*What to produce:* Type out the complete listing below word for word, without its pictures.

*Supplied data:*
★ ★ ★ ★ ★
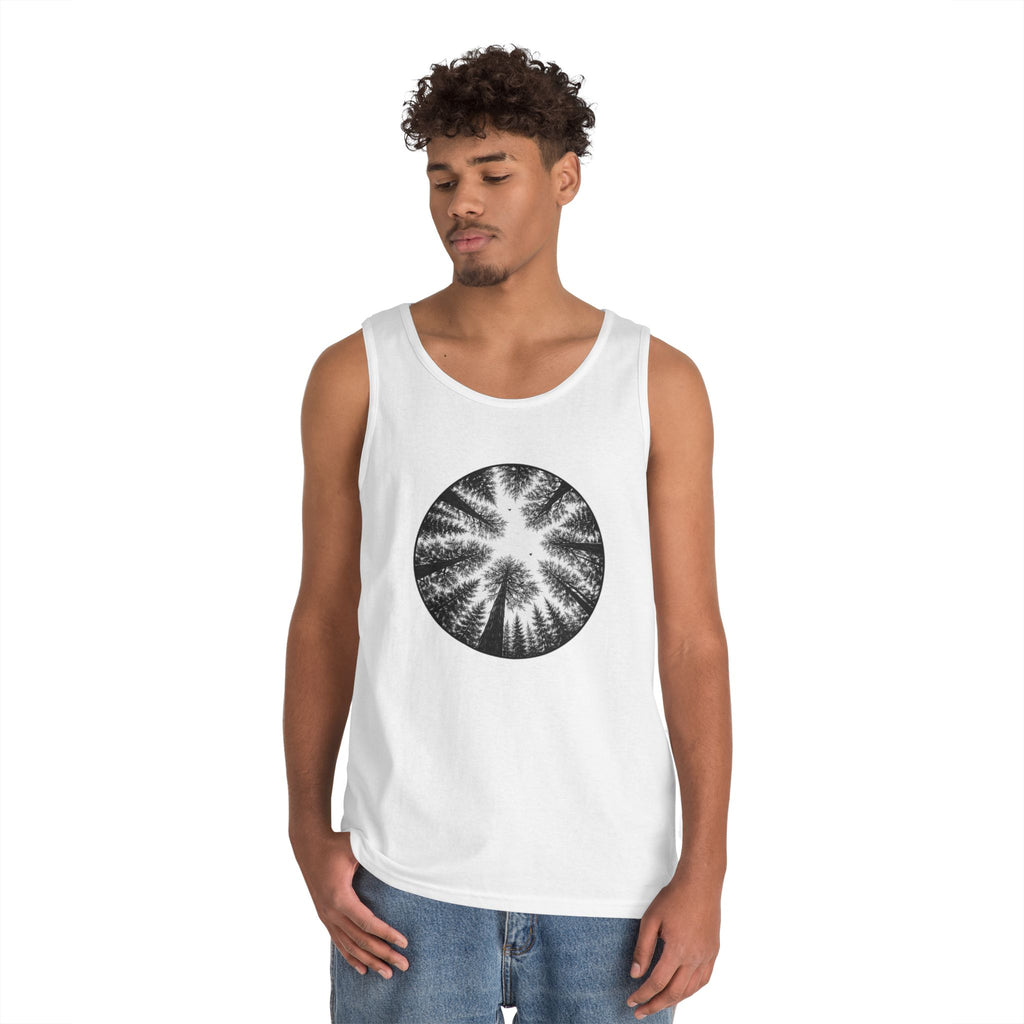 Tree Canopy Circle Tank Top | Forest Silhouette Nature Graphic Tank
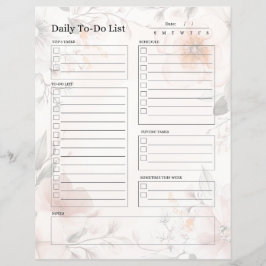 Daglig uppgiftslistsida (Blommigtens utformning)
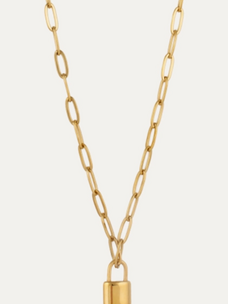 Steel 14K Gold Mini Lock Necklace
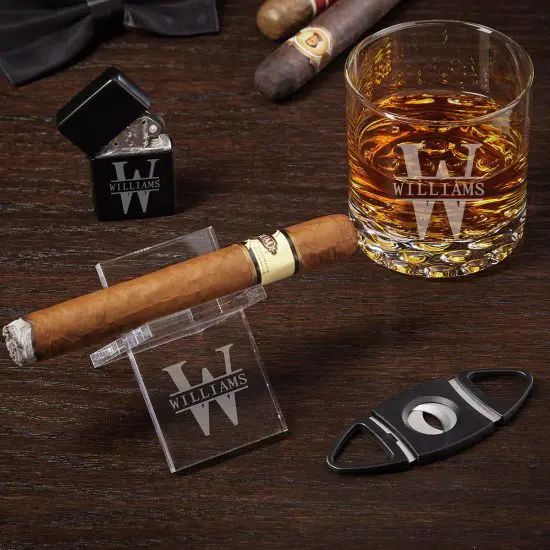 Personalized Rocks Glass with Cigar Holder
★ ★ ★ ★ ★
*Solution for this task:*
 Tree Canopy Circle Tank Top | Forest Silhouette Nature Graphic Tank
 Daglig uppgiftslistsida (Blommigtens utformning)
 Steel 14K Gold Mini Lock Necklace
 Personalized Rocks Glass with Cigar Holder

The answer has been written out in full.